Voter Fraud Arrests Complicate Election Administration
The list of individuals implicated in a South Texas voter fraud scheme continues to grow. This week, Francisco Tamez, Jr. was arraigned for allegedly voting illegally in both the November 2017 and March 2018 elections.
Illegal voting is a second-degree felony and imperils those charged with up to 20 years in prison and up to $10,000 in fines.
Tamez is charged along with others in illegal voting that resulted in Richard Molina becoming mayor of Edinburg. Molina and his wife were arrested and charged earlier this year in a far-reaching scheme that has resulted in the arrests of more than 20 individuals.
The couple is accused of having voters change their addresses so they would be eligible to vote for Molina in the election. Some addresses are alleged to have been changed to an apartment complex owned by Molina.
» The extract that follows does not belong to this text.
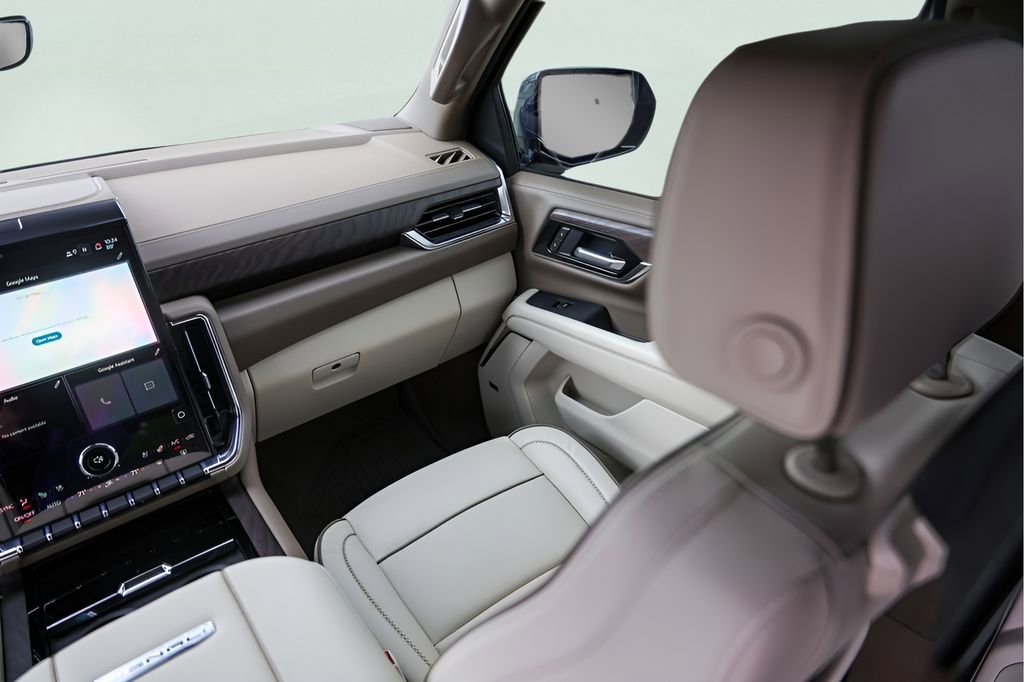 Used 2026 GMC Yukon Denali w/ Denali Reserve Package image 33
Like Tamez some stand accused of illegally voting in the November 2017 election because they were ineligible to do so or, as the Molina’s stand accused, allowing individuals who did not live in the city to use their addresses to register and vote.
The continued expansion of charges and the Molina web means election administration in Edinburg is getting complicated.
City secretary, Ludivina Leal was arrested earlier in September and charged with voting illegally.
Following her arrest, a motion was made for her removal but failed in a 2-2 tie vote. Despite surviving removal, Leal will not be the point person for local elections in 2019 according to the Hidalgo County Elections Administrator Yvonne Ramón
Instead, the city attorney’s office will oversee the 2019 municipal election. Still, there is widespread concern among citizens and candidates. Carlos Jasso, a candidate for city council has requested that the Secretary of State’s office oversee the election given the continually unfolding charges and it’s reach into local government.